L’on parle ici et là d’une bataille dans les coulisses de ces deux festivals. Timgad et Djemila. L’objet ne serait pas une question de canevas ou de menus lié à un programme en son et qualité. Cela semble prendre l’allure d’un bras « d’honneur » voire de fer entre une tutelle et un acteur. Entre Mihoubi et Bentorki. L’un est un ministre qui à moins de trois ans et un poète de toujours, l’autre est un fonctionnaire et un directeur général qui a plus d’un quart de siècle. Si la raison de la règle hiérarchique et du pouvoir discrétionnaire devait l’emporter, il ne pourrait y avoir dans cette relation nulle entremise, pression ou interférence extra-sectorielle. Appuyer l’un contre l’autre ne fera que troubler davantage le fonctionnement de l’Etat déjà mis à rude épreuve. D’où, d’emblée il faudrait se refuser à penser duel de personnes, autant qu’il faudrait tendre l’oreille attentivement à la substance de la brouille, voire de la vision.

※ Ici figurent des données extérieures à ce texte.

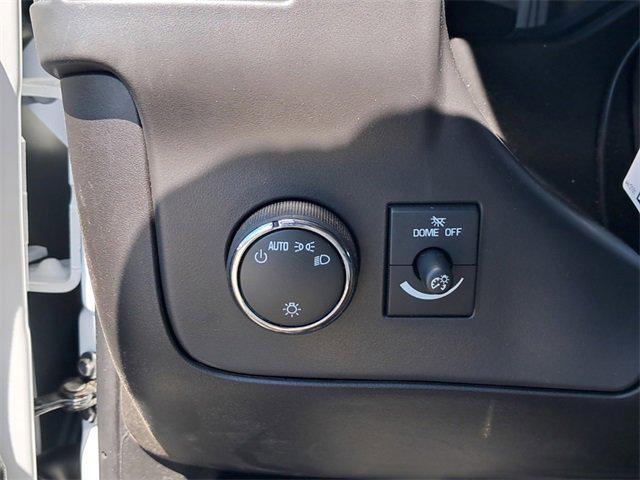 new 2025 Chevrolet Express 2500 car, priced at $47,945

Voir dans le dénouement de cette situation un vainqueur et un vaincu, c’est dire que la république n’est plus une institution réglementée, hiérarchisée, forte et juste mais une humeur, une opiniâtreté et une démonstration de force intuitu-personae. Nous ne dirons qu’hélas. Le problème, à nous n’est donc pas confiné dans qui va nous faire rire ou nous rendre heureux l’espace d’un moment, d’une soirée, d’un festival. Qu’il sache d’abord le faire en nous donnant ensuite l’impression qu’il l’avait fait dans le strict respect de l’art et de la manière.
Et si l’investissement privé, doué de coopératives culturelles, de société civile et de mécénat venait à faire des siennes dans l’organisation de ce genre de spectacle ?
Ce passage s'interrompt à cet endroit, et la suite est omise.